> _Your goal_
Reproduce the records exactly, but not the pictures.

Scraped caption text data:
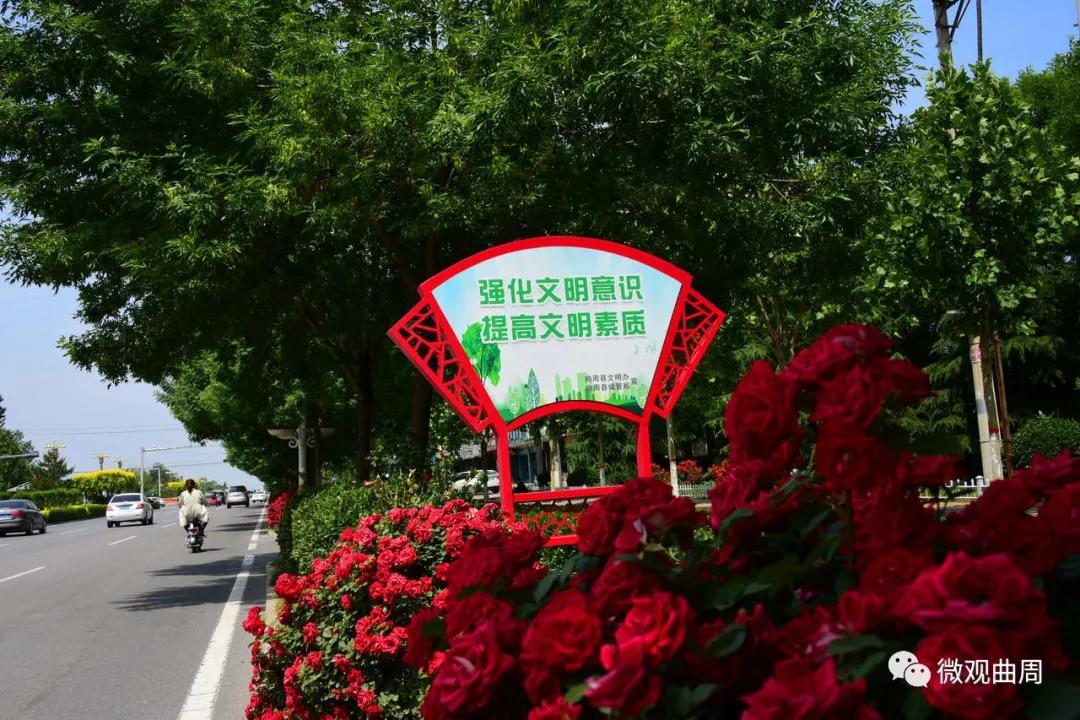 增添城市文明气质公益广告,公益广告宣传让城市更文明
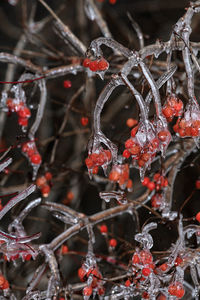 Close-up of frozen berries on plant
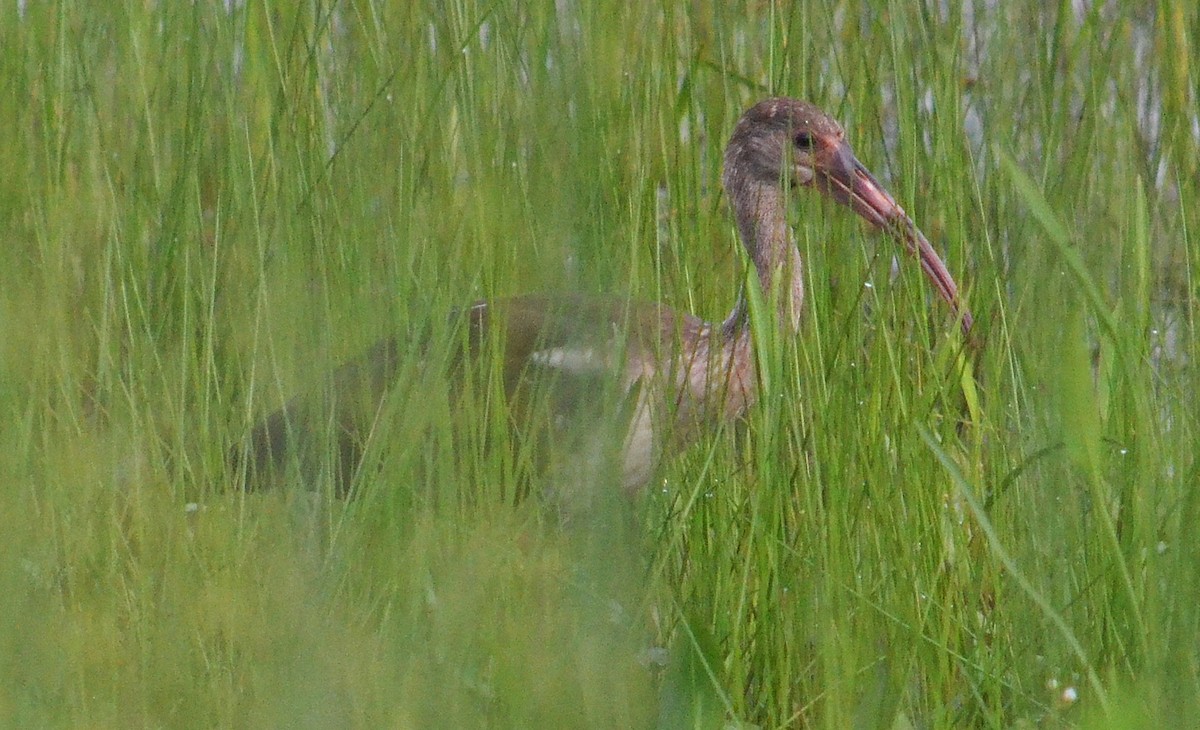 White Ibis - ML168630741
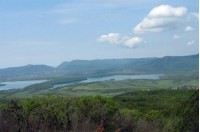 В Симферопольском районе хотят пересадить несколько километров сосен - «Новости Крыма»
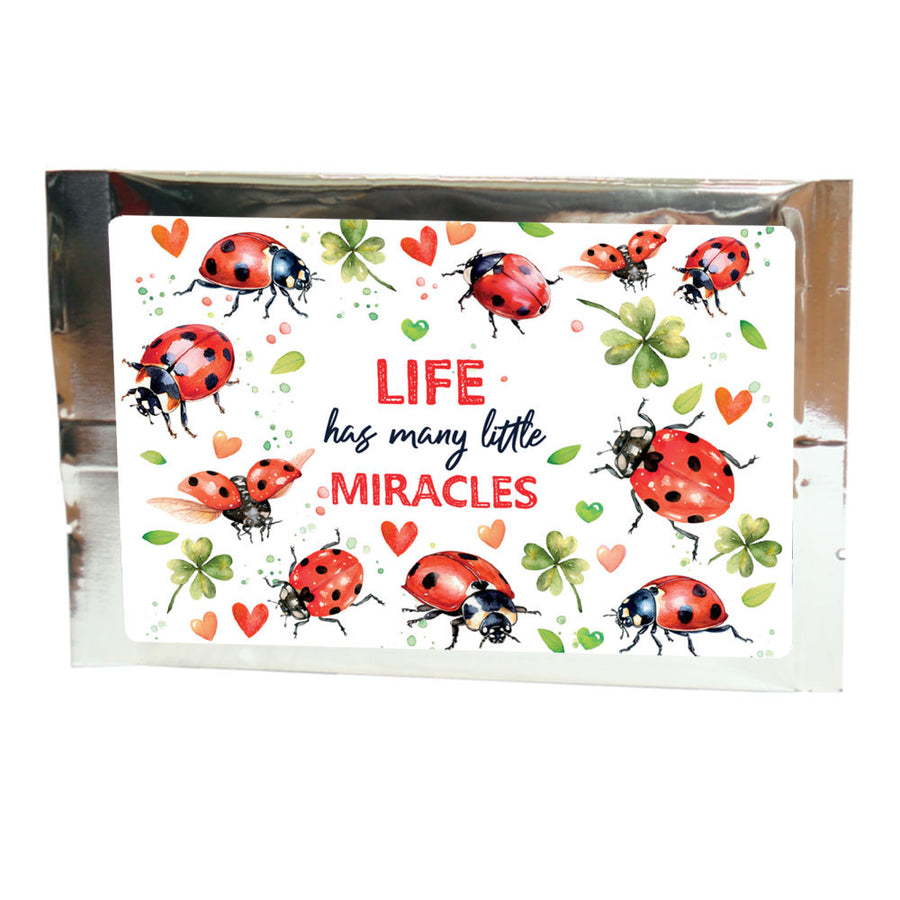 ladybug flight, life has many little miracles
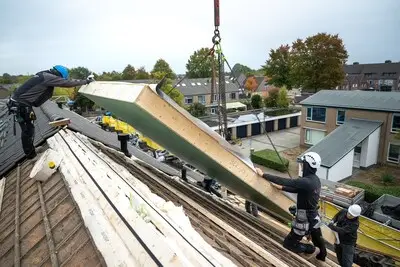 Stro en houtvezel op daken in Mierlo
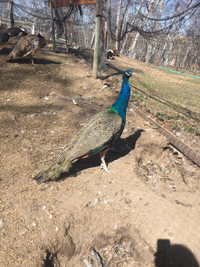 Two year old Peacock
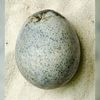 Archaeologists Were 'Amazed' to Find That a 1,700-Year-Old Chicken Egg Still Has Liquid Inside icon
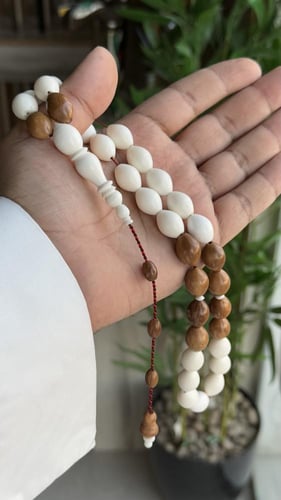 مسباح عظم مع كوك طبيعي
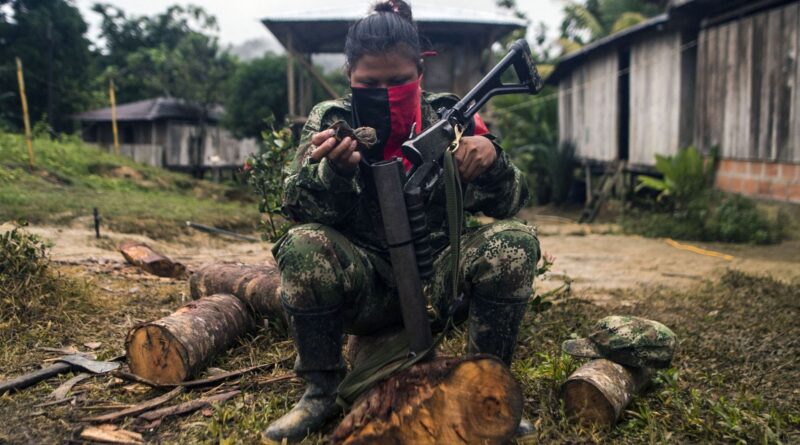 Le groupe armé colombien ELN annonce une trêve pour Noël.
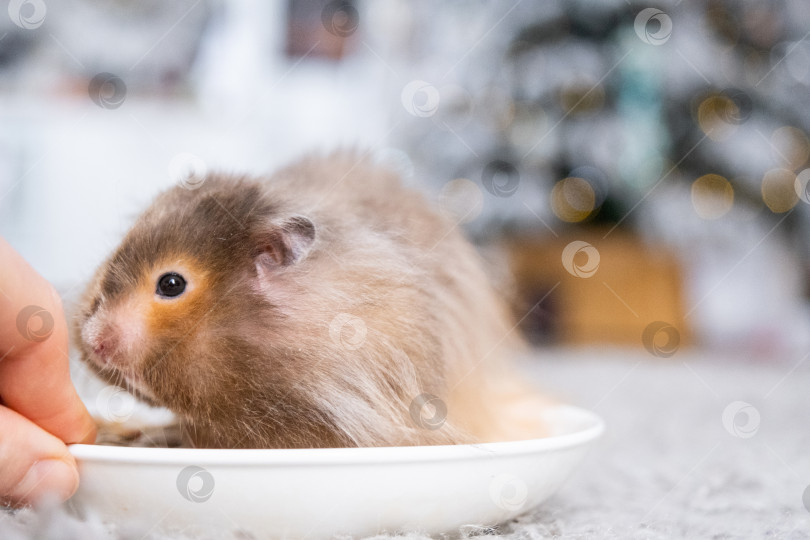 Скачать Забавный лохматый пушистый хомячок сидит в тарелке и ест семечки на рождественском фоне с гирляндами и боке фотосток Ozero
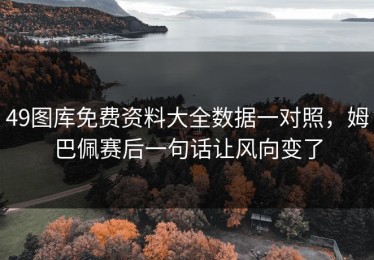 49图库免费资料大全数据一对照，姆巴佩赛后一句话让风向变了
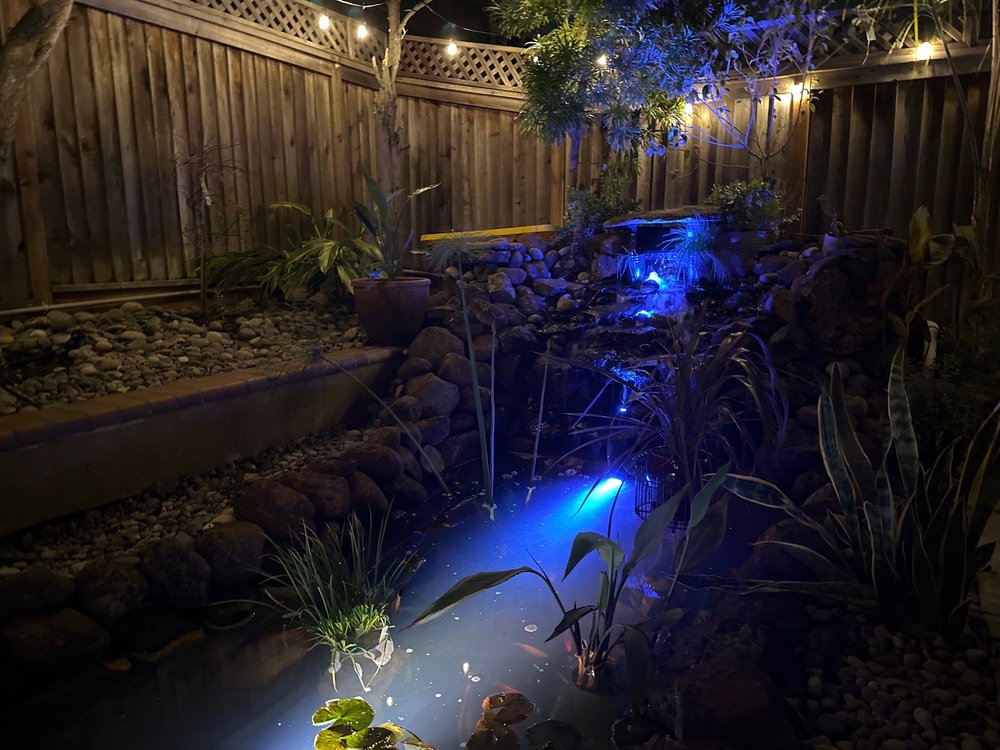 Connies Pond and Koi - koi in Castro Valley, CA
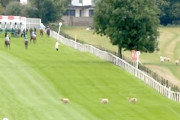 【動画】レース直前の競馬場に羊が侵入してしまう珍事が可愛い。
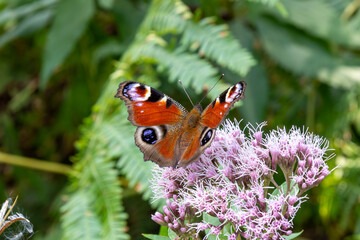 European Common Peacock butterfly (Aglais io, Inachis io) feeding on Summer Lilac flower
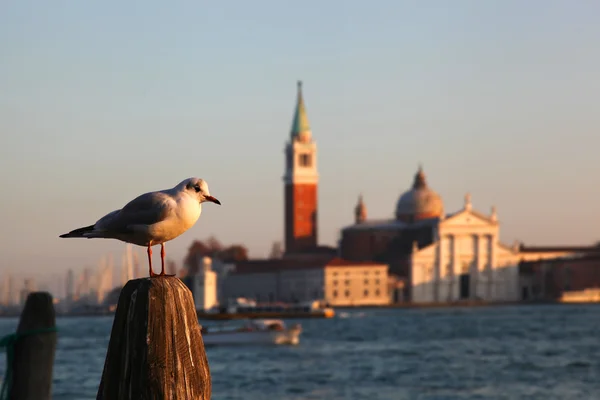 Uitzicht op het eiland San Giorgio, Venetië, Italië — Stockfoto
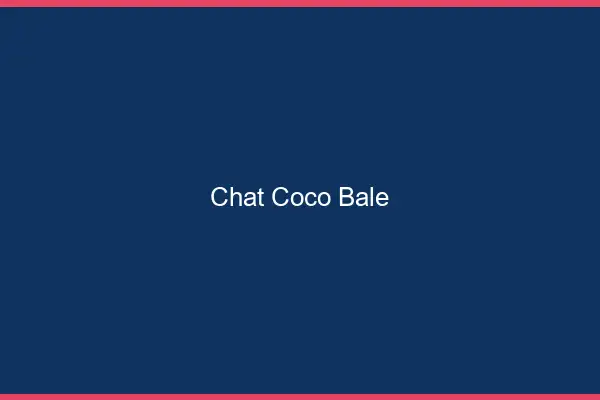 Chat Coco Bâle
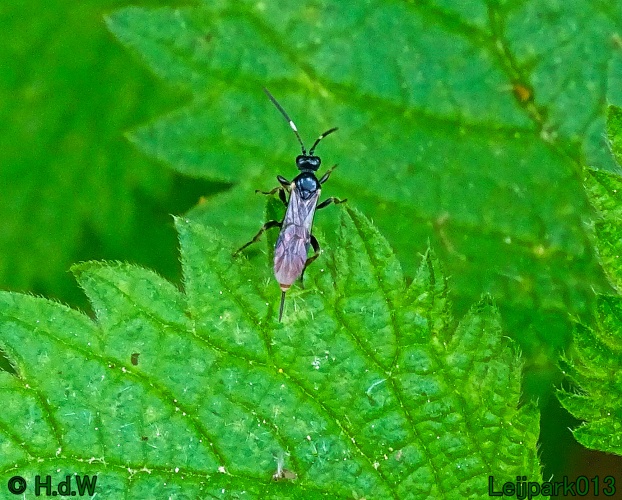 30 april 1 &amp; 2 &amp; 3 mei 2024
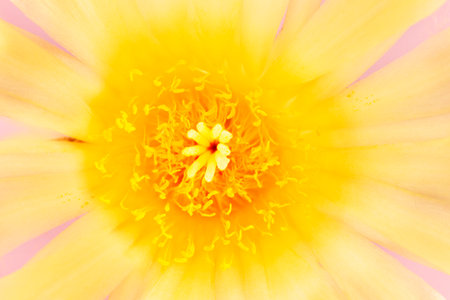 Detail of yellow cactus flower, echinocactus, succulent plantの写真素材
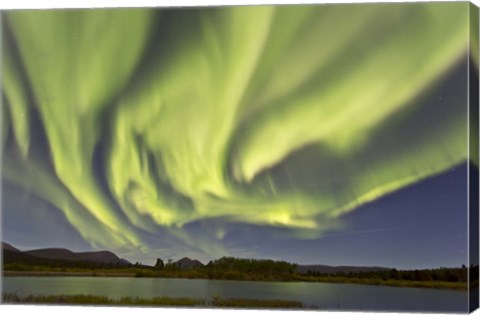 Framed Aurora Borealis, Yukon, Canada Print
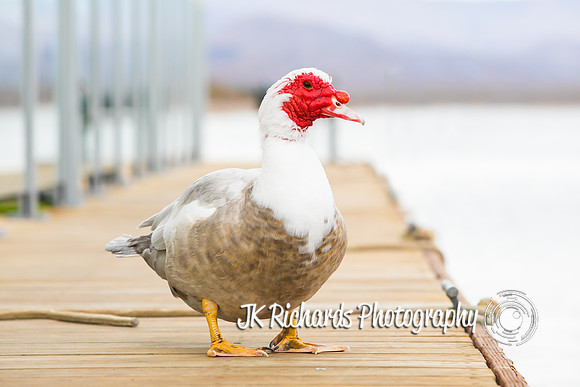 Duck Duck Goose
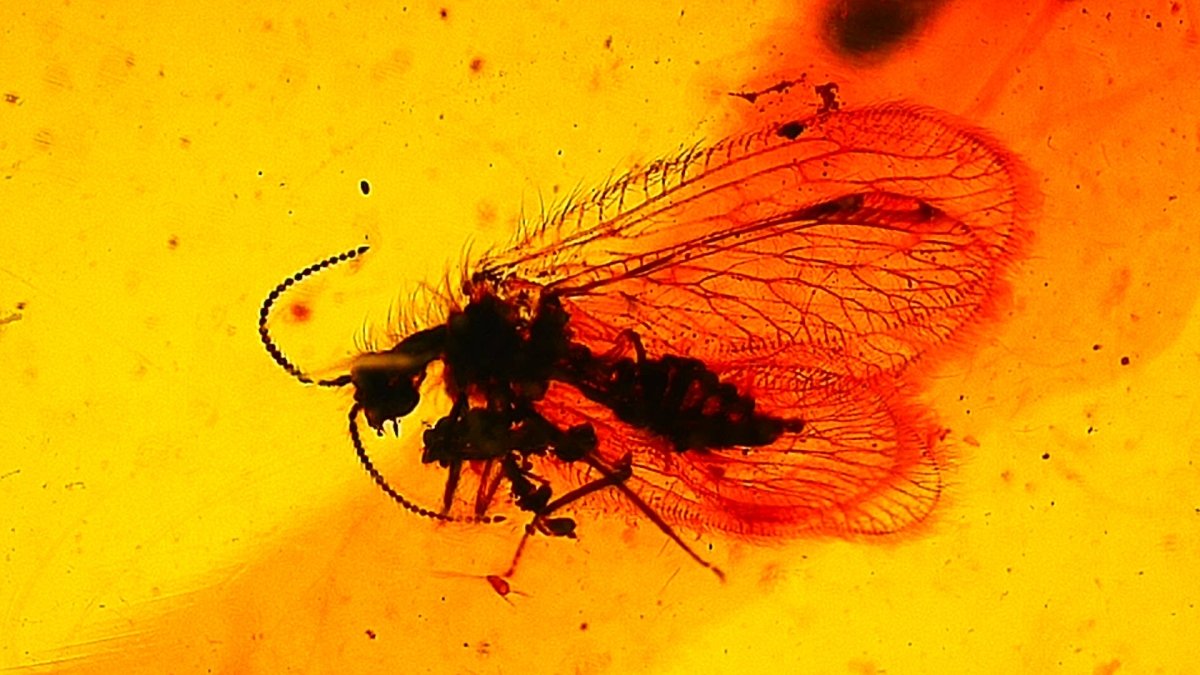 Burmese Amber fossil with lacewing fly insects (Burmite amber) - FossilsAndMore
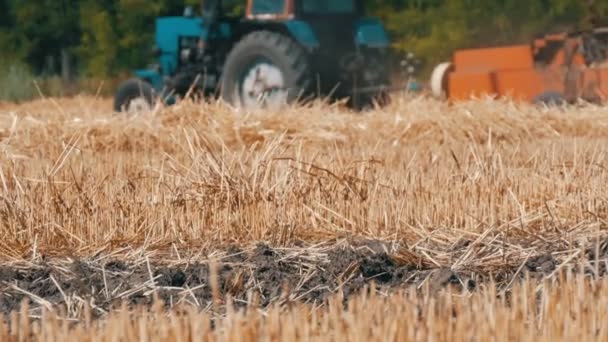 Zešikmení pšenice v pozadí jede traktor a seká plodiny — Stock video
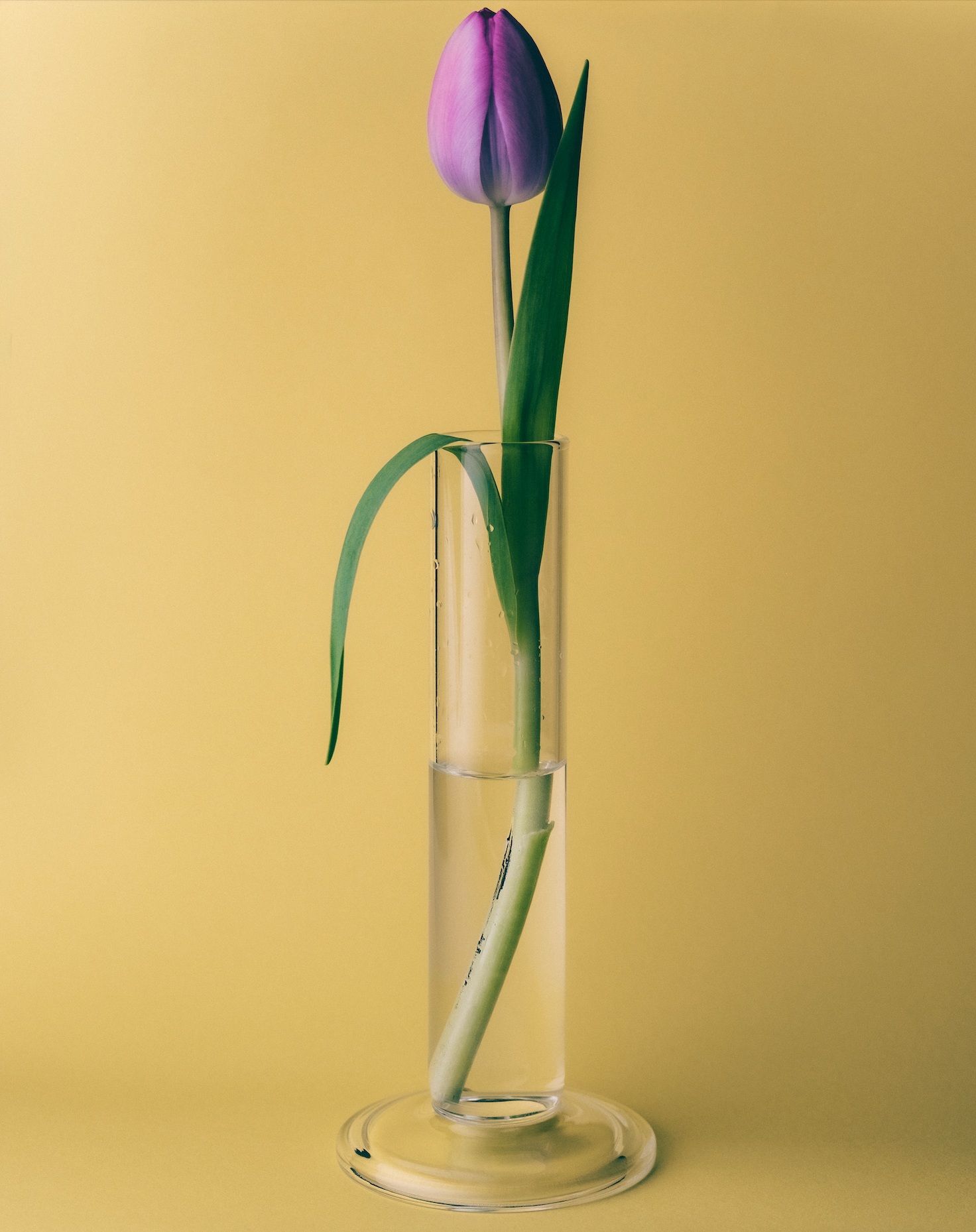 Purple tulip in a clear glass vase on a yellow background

> _Output of the exercise_
 增添城市文明气质公益广告,公益广告宣传让城市更文明
 Close-up of frozen berries on plant
 White Ibis - ML168630741
 В Симферопольском районе хотят пересадить несколько километров сосен - «Новости Крыма»
 ladybug flight, life has many little miracles
 Stro en houtvezel op daken in Mierlo
 Two year old Peacock
 Archaeologists Were 'Amazed' to Find That a 1,700-Year-Old Chicken Egg Still Has Liquid Inside icon
 مسباح عظم مع كوك طبيعي
 Le groupe armé colombien ELN annonce une trêve pour Noël.
 Скачать Забавный лохматый пушистый хомячок сидит в тарелке и ест семечки на рождественском фоне с гирляндами и боке фотосток Ozero
 49图库免费资料大全数据一对照，姆巴佩赛后一句话让风向变了
 Connies Pond and Koi - koi in Castro Valley, CA
 【動画】レース直前の競馬場に羊が侵入してしまう珍事が可愛い。
 European Common Peacock butterfly (Aglais io, Inachis io) feeding on Summer Lilac flower
 Uitzicht op het eiland San Giorgio, Venetië, Italië — Stockfoto
 Chat Coco Bâle
 30 april 1 &amp; 2 &amp; 3 mei 2024
 Detail of yellow cactus flower, echinocactus, succulent plantの写真素材
 Framed Aurora Borealis, Yukon, Canada Print
 Duck Duck Goose
 Burmese Amber fossil with lacewing fly insects (Burmite amber) - FossilsAndMore
 Zešikmení pšenice v pozadí jede traktor a seká plodiny — Stock video
 Purple tulip in a clear glass vase on a yellow background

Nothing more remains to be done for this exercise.